Swank’s statements followed a broad public outcry about celebrities’ presence at the event.  

Human Rights Watch sent emails on September 29 and 30 to Mae’s management requesting confirmation of the media reports about her plans to attend the celebration. The emails described abuses associated with Kadyrov’s leadership. Human Rights Watch also sent an email to the publicist for Swank on September 29. There was no response to any of the emails. Human Rights Watch is also waiting for a response from representatives for Mae, Van Damme, and Seal to email inquiries sent October 9 and 10 regarding the Chechen statement that celebrities were paid for their attendance in Grozny.

A Chechen Culture Ministry employee who was involved in preparations for the event told Caucasian Knot, a Russian internet news service, that all of the celebrities who attended received an honorarium. The official did not say how much they were paid, only that the celebrities’ demands were “nothing out of the ordinary.” Human Rights Watch said that if the celebrities were paid to attend, they should not keep the money.

Kadyrov, the leader of Chechnya since 2006, presides over law enforcement and security agencies that have been implicated in abductions, torture, and executions of those suspected of involvement in the Islamist insurgency in Chechnya. He has condoned collective punishment such as house burningsagainst alleged collaborators, including family members of suspected insurgents.

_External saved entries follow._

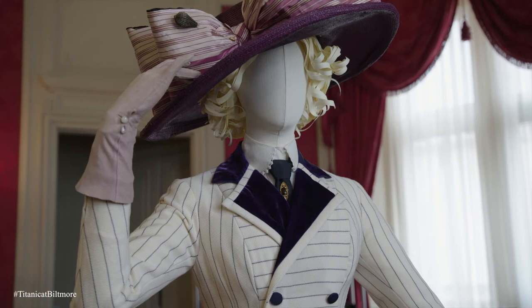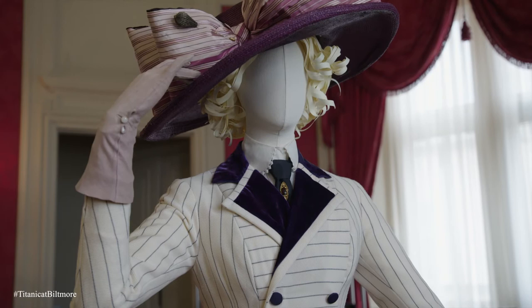These costumes are made from the exact same time period that George and Edith Vanderbilt lived at Biltmore Estate, and so to see them in these interiors gives you a really great sense of the luxurious environment that they lived in, the glamorous travel that they did, and the clothing that they wore.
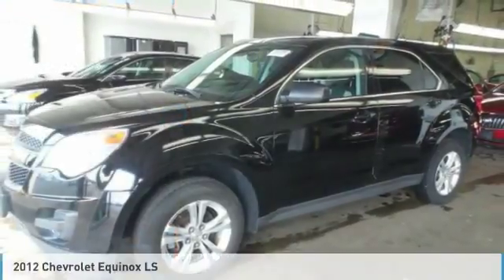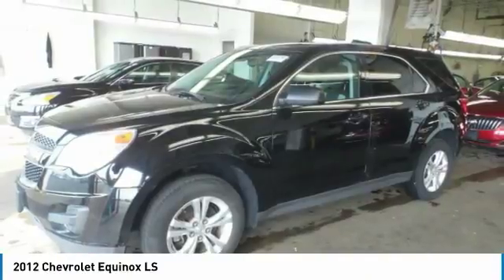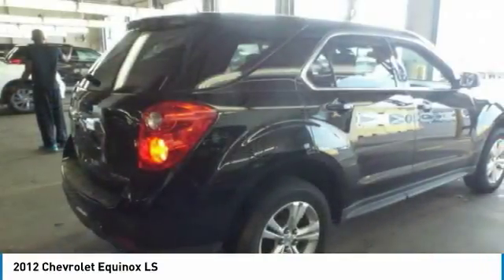Check out the 2012 Equinox. Fuel efficiency, safety, and value equals the Chevy Equinox.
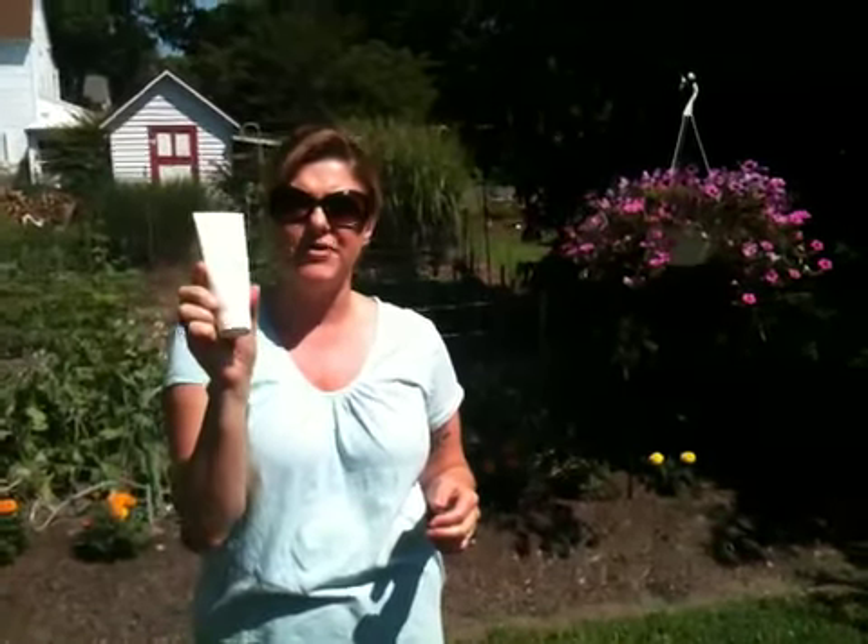I wanted to tell you a little bit about a Nu Skin product that I won't do without in the summertime. I have about six tubes of these for my family. It's called Sunrite Body Block. This is SPF 30. We also have a 15.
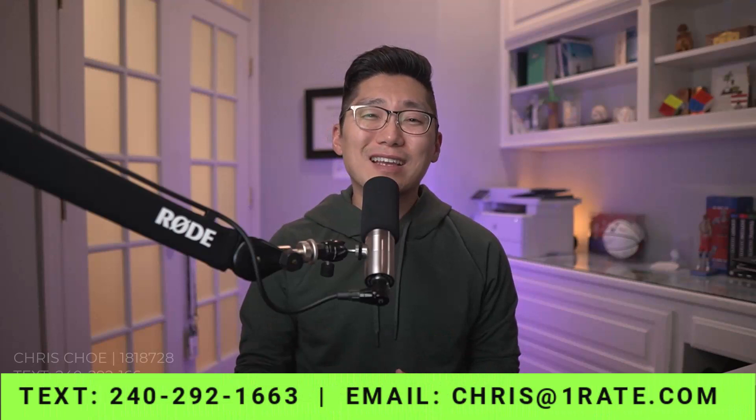It's an incredible opportunity for a lot of buyers these days because sellers are motivated to sell. Speak to your realtor, talk to your lender to see what you qualify for and what the best option is for you. They should be doing an analysis to present whatever options are available and show you what best fits your financial scenario. I hope that was helpful — feel free to email me at chris@oneray.com or text me at 240-262-1663. Hope you have a great and blessed day.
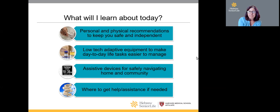If you have questions, you can put them in the chat or raise your hand at the end of the presentation. Today we'll cover recommendations to keep you safe and independent, low-tech adaptive equipment to make living easier, assistive devices for navigating home and community, and where to get help with some tips and tricks.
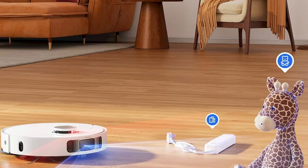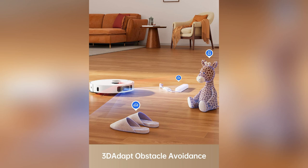Want a cleaning ally that works as hard as you do? Grab the Dream L10S Pro now and transform chaos into calm.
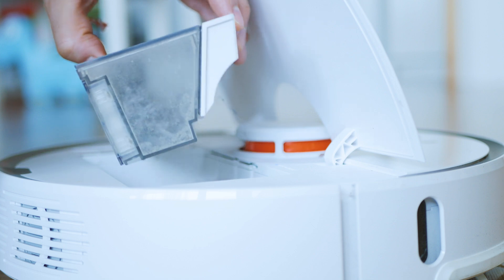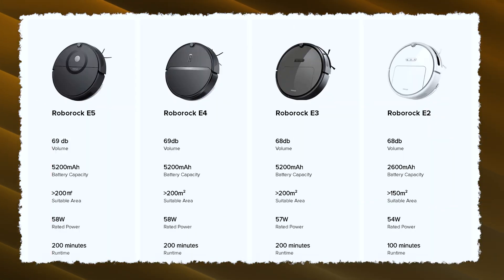Fast forward to 2022 and we can already distinguish three different product lines. Roborock presented all of that at CES 2022. First we have the E series, which are the affordable balance between quality, features and price.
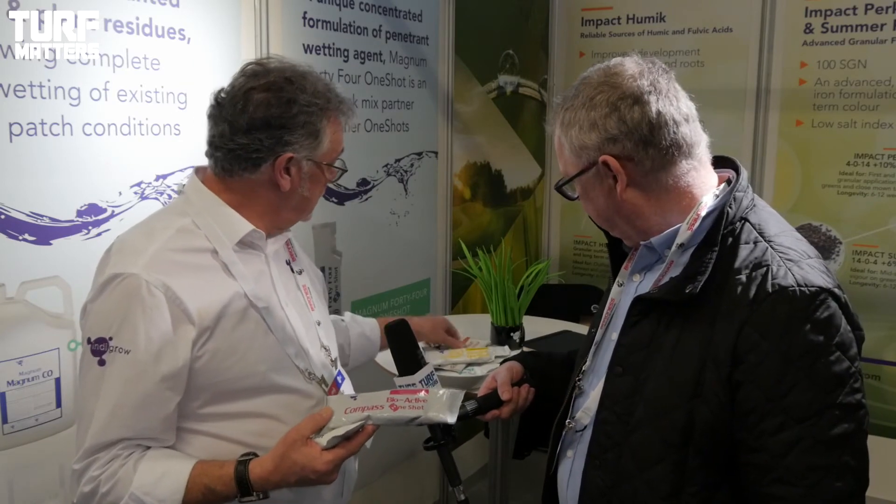This is the first product that we did - Magnum 44, which is the wetting agent - but we've got a whole range of them, from a seaweed extract to a trace element package. In total now I think we've got seven products on the range. We've added a couple of new ones each year, but now we're probably about where we're going to go - there's not much more we can do.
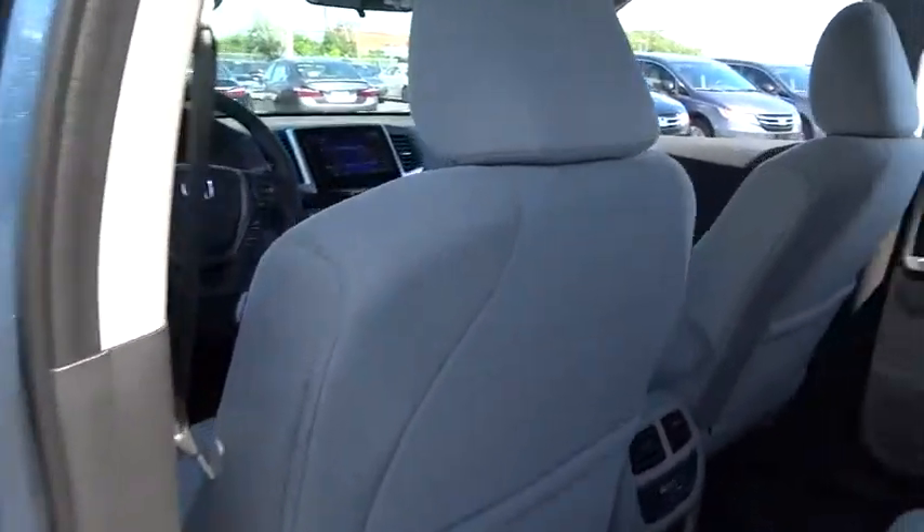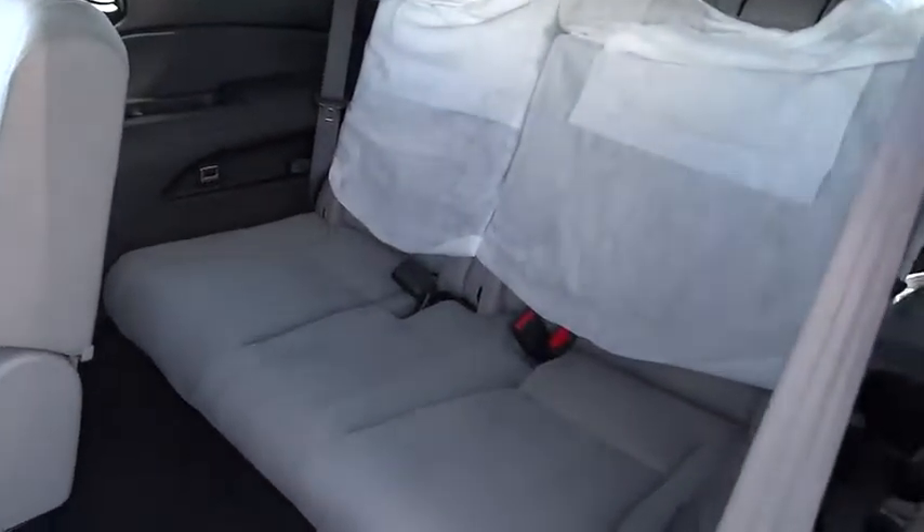A vehicle like this doesn't come along every day. Come in and get it before someone else does.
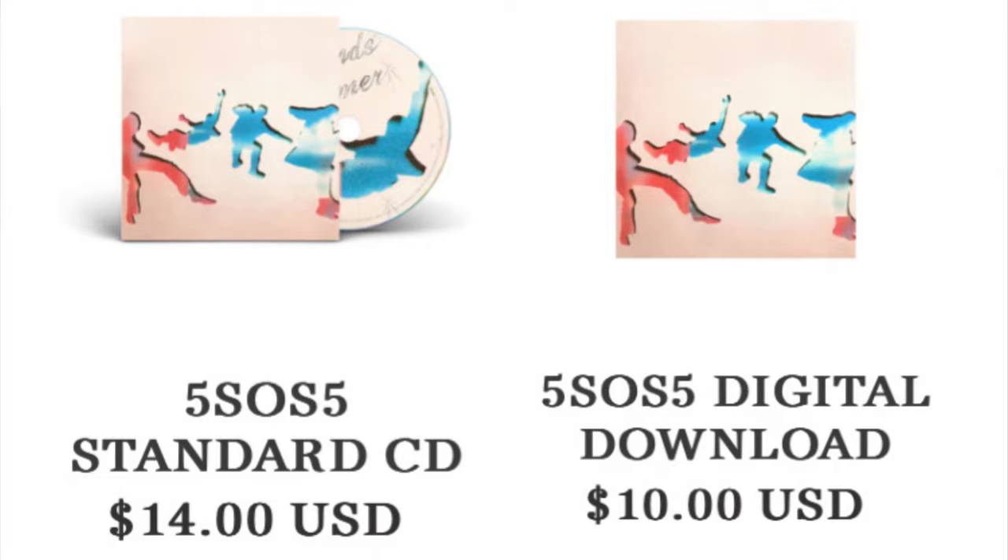It's way more worth your money. You can bring that CD everywhere you go and you also have the digital copy you can re-download as many times as you want. An artist or label can take music off of streaming services at any time, but if you have it on a CD, it's yours forever. So spending a couple extra dollars to get the CD is way more worth it than buying a digital copy of the album.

A Chechen refugee who had filed a complaint with the European Court of Human Rights claiming that Kadyrov personally tortured him was murdered in Austria in 2009 by people who Austrian prosecutors contended had close links to Kadyrov. The refugee, Umar Israilov, had been granted political asylum after refusing to cede to demands by Kadyrov’s emissaries to withdraw the complaint.

Kadyrov has also praised violent attacks against women who refused to wear headscarves in public places, has said openly that he considers women inferior to men, and that he considers it women’s duty to obey men and keep themselves covered. He also routinely brands as “enemies” human rights defenders and those who investigate human rights abuses. The law enforcement and security agencies under his de facto control are likely to be implicated in several murders of activists and whistle blowers, including that of Natalia Estemirova, a leading Chechen human rights defender, who was kidnapped in Grozny and killed in July 2009.

Five days before the Grozny event, the European Centre for Constitutional and Human Rights (ECCHR), a nongovernmental legal organization based in Berlin, published an open letter to celebrities reported to be planning to attend, urging them to reconsider. The letter addressed torture allegations against Kadyrov and pointed out how attending such an event would inevitably serve to promote Kadyrov’s authoritarian rule.